The Vietnamese culture is ancient and refined. There is a different sense of time there. It’s a longer view. I was more acutely aware of Vietnam than Cambodia because of my own history with it, the way my country was so deeply intertwined with Vietnam for more than two decades.

I heard someone recently refer to himself as being “in the Vietnam generation” and I knew what he meant. For people in my generation, it is impossible to think of Vietnam without thinking of the war that to a large degree defined my generation.

How little I know about Vietnam, even now, after visiting there. I got a glimpse of how much there is for an outsider to try to penetrate. How little was known in America about Vietnam in the 1960s, even by the highest-ranking people in our government.

I got a shattering sense of that when I saw the documentary film The Fog of War, a film memoir of Robert S. McNamara, the Secretary of Defense from 1961-68, under presidents Kennedy and Johnson through the height of the Vietnam War.

McNamara said in his memoir that his understanding of Vietnam had been so insufficient that in his later years he came to believe that, “We were wrong, terribly wrong.”

The dreadful realization came in 1995 on a journey of reconciliation to Vietnam as part of a delegation from the Council on Foreign Relations. In a conversation with the Vietnamese general who had been his counterpart on the Vietnam side, he explained the American rationale for the war, based on the belief that Vietnam was being directed by Russia and China.

The Vietnamese general said, “Mr. McNamara, you must never have read a history book. If you had, you’d know we weren’t pawns of the Chinese or the Russians. Don’t you understand that we have been fighting the Chinese for a thousand years?”

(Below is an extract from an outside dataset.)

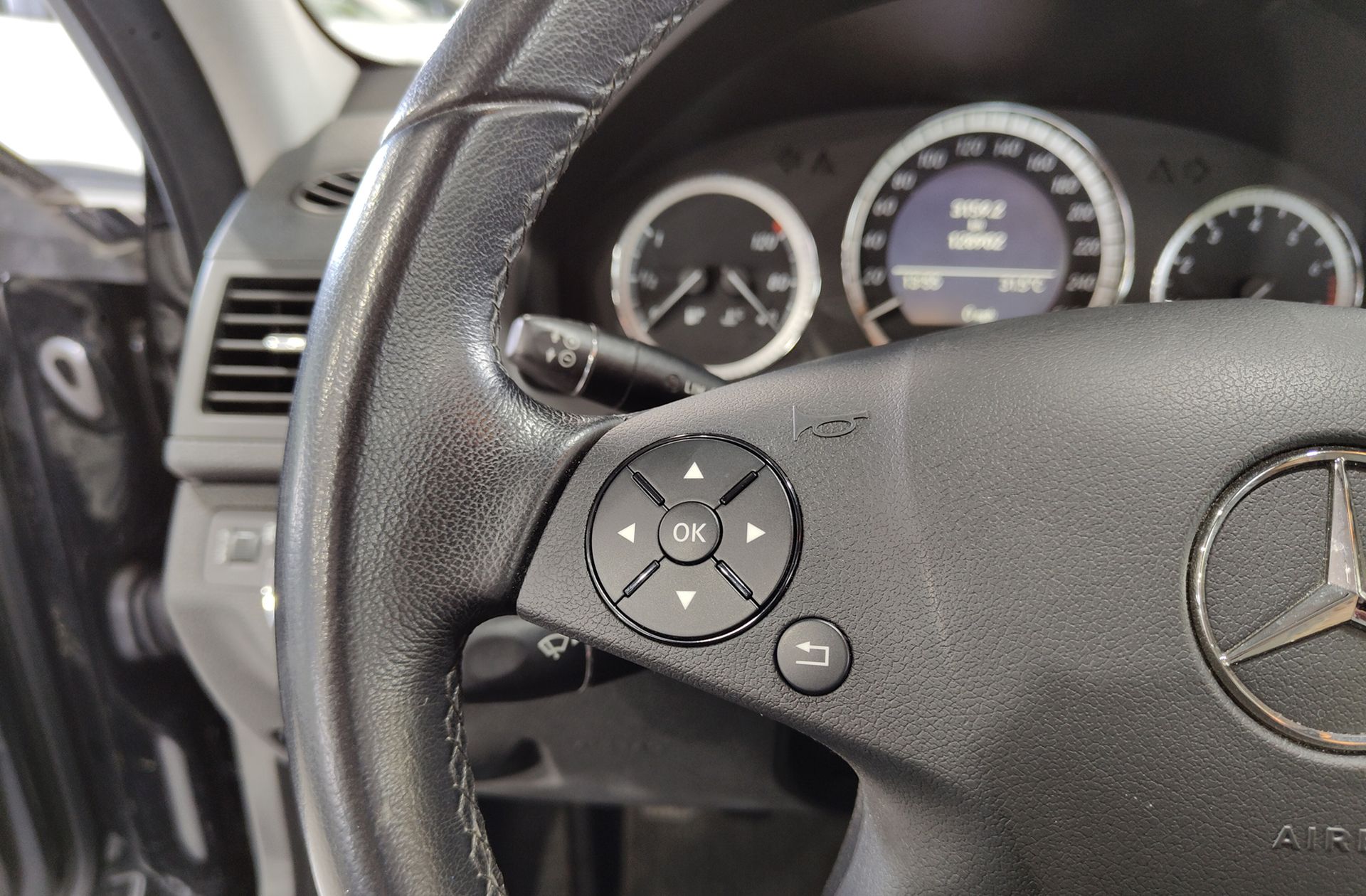 Mercedes-Benz Clase C 180 K Blue Efficiency Elegance - foto 20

I think often of President Eisenhower these days and how he promoted travel by Americans to other countries because he believed it would help to promote peace. He believed that if people knew better the people of other countries, they would be less likely to go to war, even if their leaders were pushing them into it.

I really think the old general, the great war hero who had seen the worst of war, was right. And I think that insight is as important now as it was then.

McNamara’s memoir was a warning about how badly things can go over a failure of understanding. And to me it was an endorsement of how important world travel is.